Un texte de Bassirou Bâ
S’ils sont financés adéquatement, les programmes de conservation autochtones, également connus sous le nom de solutions fondées sur la nature (SFN), sont tout aussi efficaces, voire plus performants, que les initiatives similaires des parcs nationaux et provinciaux en matière de limitation des émissions de carbone et de préservation de la biodiversité.

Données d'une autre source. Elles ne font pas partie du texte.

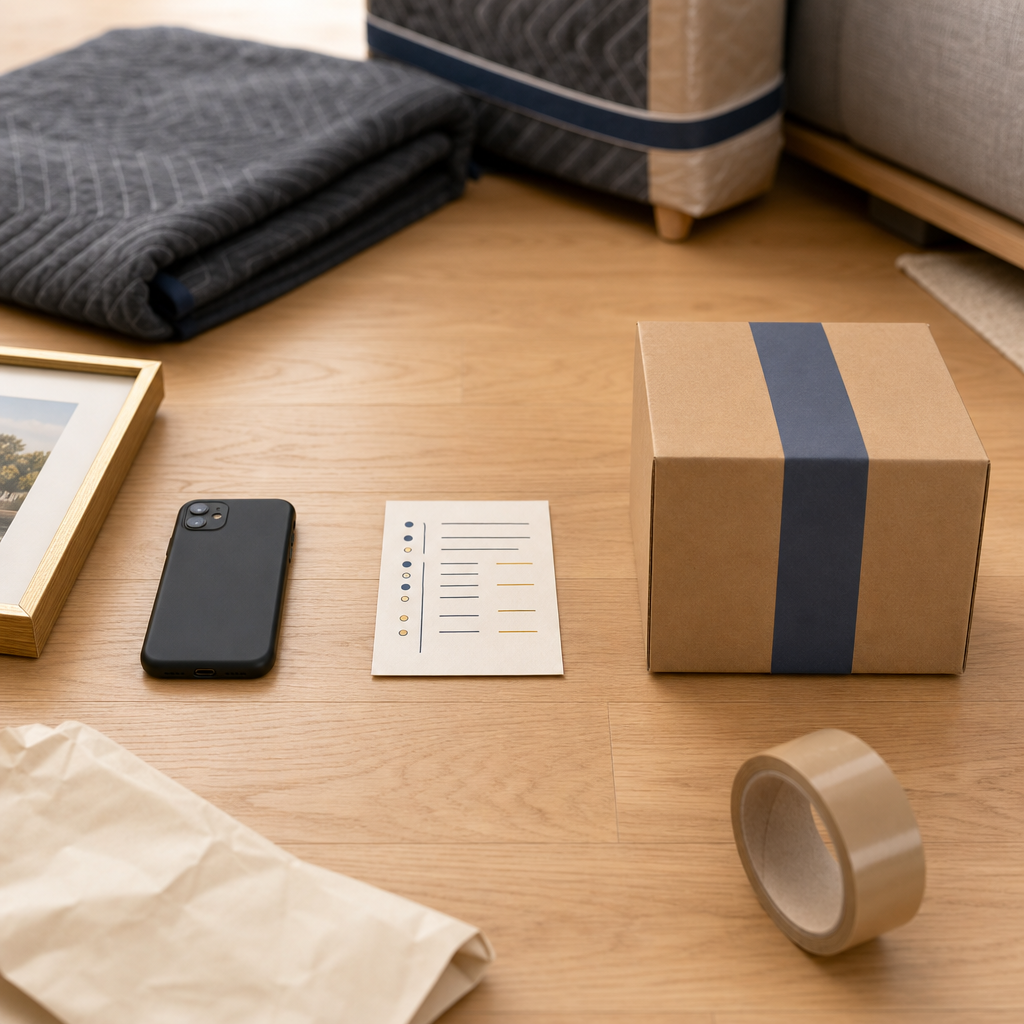 Text-free moving documentation setup with phone, inventory card, and sealed box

C’est du moins ce qu’affirme un article de recherche récemment publié dans la revue Earth’s Future par des chercheurs de l’Université Concordia.

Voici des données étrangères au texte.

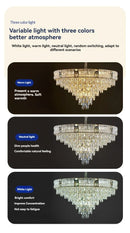Axyaa Luxury Round Pendant Light for Living Room, Elegant Crystal Light Fixture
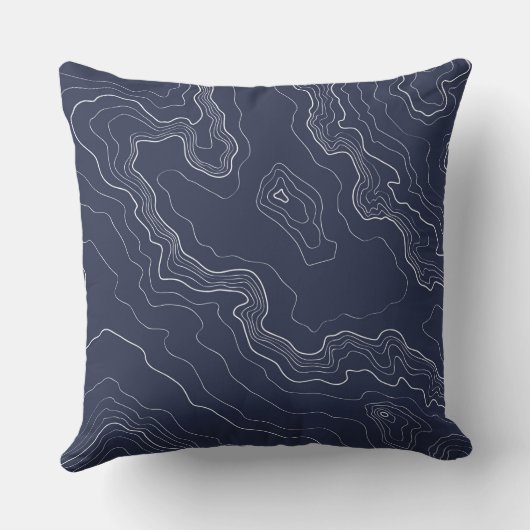 青い地形の地図 クッション (裏面)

Ils se sont penchés sur deux initiatives de conservation de la nature et des terres : les aires protégées et de conservation autochtones (APCA) ainsi que le programme des gardiens autochtones.
Les chercheurs ont combiné des données prélevées d’un océan à l’autre sur les forêts, la végétation, les sols, l’habitat faunique et l’utilisation des terres, comme l’explique l’Université sur son site Internet.

Ils ont ensuite comparé les territoires autochtones financés par Ottawa, les territoires sans financement fédéral ainsi que les parcs nationaux ou provinciaux.
La conclusion à laquelle ils sont arrivés? Les projets de conservation menés par les Autochtones obtiennent de bons résultats sur le plan environnemental, comme l’affirme Damon Matthews, coauteur de l’étude et professeur au Département de géographie, urbanisme et environnement de l’Université Concordia.
Les APCA s’étendent sur de vastes régions terrestres et aquatiques dans les Territoires du Nord-Ouest. Les deux APCA qui ont été étudiées, soit celle de Thaidene Nëné, située sur la rive est du Grand lac des Esclaves, et celle d’Edéhzhíe, à l’ouest, couvrent une superficie d’environ 40 000 kilomètres carrés.
Plaidoyer pour un financement accru…
Les chercheurs ont également étudié les incidences du financement fédéral sur ces programmes.
Camilo Alejo, auteur principal et chercheur postdoctoral dans le même département que Damon Matthews, note que, lorsqu’Ottawa prend l’initiative de soutenir la gestion autochtone, cela donne également des résultats positifs sur le plan social, pas seulement environnemental.
Par conséquent, les auteurs de l’étude plaident pour « un financement prolongé et soutenu » des programmes de conservation autochtones.
Originaire de la Première Nation Łutsël K’é’ Dene, Steven Nitah est directeur général de l’organisation à but non lucratif Nature for Justice. Il soutient également que le financement des efforts de conservation menés par les Autochtones « est essentiel et absolument nécessaire ».
… et la reconnaissance des droits fonciers
Toutefois, les initiatives de conservation autochtones rappellent un défi lié au foncier, comme le fait remarquer Steven Nitah, qui est par ailleurs un leader dans le domaine de la conservation menée par les Autochtones depuis plus d’une décennie.
Selon lui, dans les Territoires du Nord-Ouest, il existe actuellement trois zones protégées autochtones reconnues par les divers ordres de gouvernement. Toutefois, il y en a des centaines à travers le Canada que les gouvernements provinciaux et territoriaux ne reconnaissaient pas.

Faisant écho à Steven Nitah, l’étude note que les droits fonciers non résolus, les déséquilibres de pouvoir en matière de participation et de prise de décision ainsi que les législations restrictives posent des défis importants aux SFN proposées par les Autochtones.
Dans de nombreux cas, les droits fonciers ne sont pas très clairs, dit Camilo Alejo, auteur principal de l’étude. Les résultats environnementaux et sociaux sont très limités s’il n’y a pas de droits fonciers clairs pour les peuples autochtones.
Son collègue, Damon Matthews, soutient également qu’il faut « se pencher sur les questions liées au régime foncier et au contrôle des terres ».
Cette étude a bénéficié du soutien du Conseil de recherches en sciences naturelles et en génie du Canada et de Microsoft, comme le précise l’Université Concordia sur son site web.
Elle indique par ailleurs que Graeme Reed, conseiller stratégique à l’Assemblée des Premières Nations et chercheur postdoctoral à l’Université York, y a contribué.